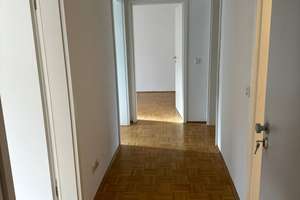 3 Zimmer * WG geeignet * Balkon * Neuhausen * – Birkerstr. 32, 80636 St. Vinzenz, München – Vorschaubild 2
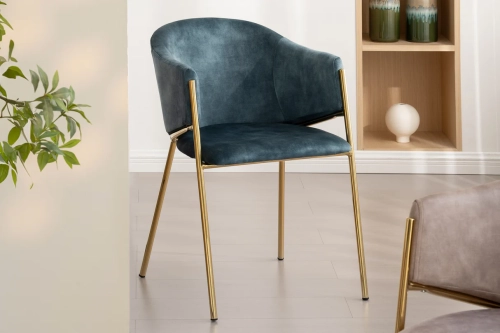Krzesło velvet z podłokietnikami w kolorze niebieskim, na złotych nogach WIKE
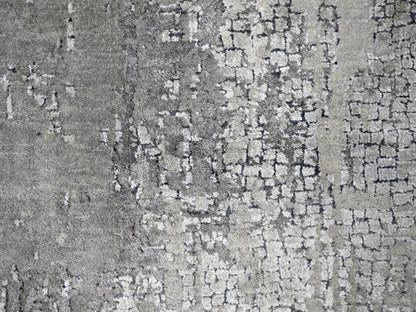 Modern / Contemporary hand-knotted wool/silk rug in Gray, 7'9" x 8'1" — SKU O084589 (view 5)
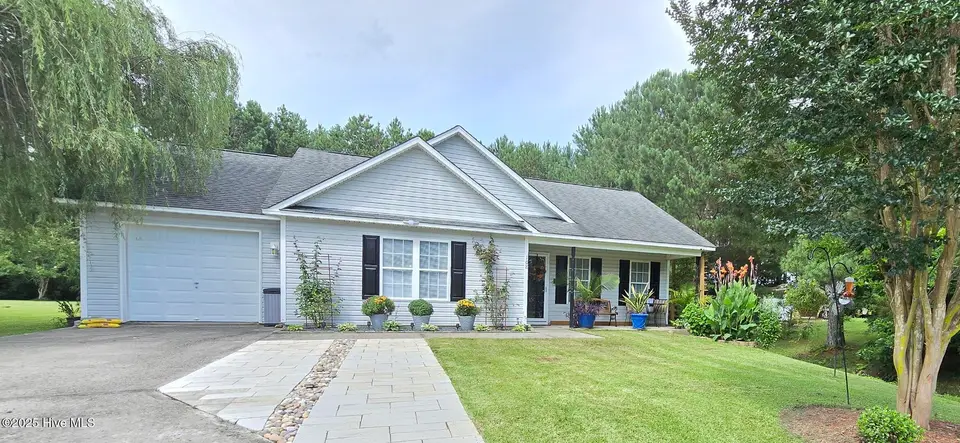 108 Willowbend Drive, Burgaw, NC 28425 — 3-bedroom home in Tealbriar, Burgaw, NC, photo 1 of 27: Welcome Home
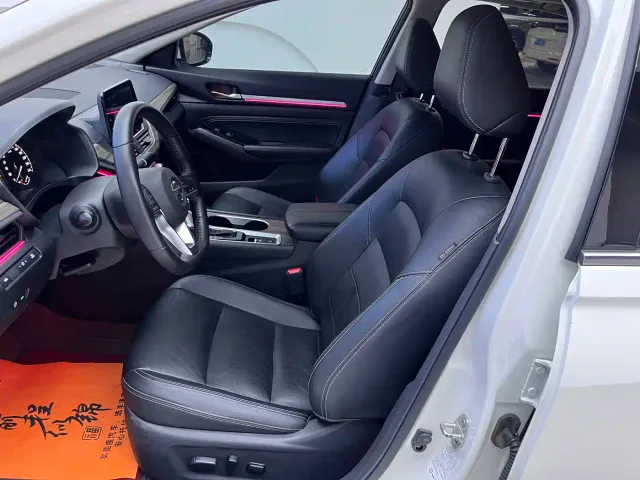 Nissan Teana — Фото автомобиля 6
----
## Work instructions
Write out the entries again, word for word. No images.

## Output for this exercise
 3 Zimmer * WG geeignet * Balkon * Neuhausen * – Birkerstr. 32, 80636 St. Vinzenz, München – Vorschaubild 2
Krzesło velvet z podłokietnikami w kolorze niebieskim, na złotych nogach WIKE
 Modern / Contemporary hand-knotted wool/silk rug in Gray, 7'9" x 8'1" — SKU O084589 (view 5)
 108 Willowbend Drive, Burgaw, NC 28425 — 3-bedroom home in Tealbriar, Burgaw, NC, photo 1 of 27: Welcome Home
 Nissan Teana — Фото автомобиля 6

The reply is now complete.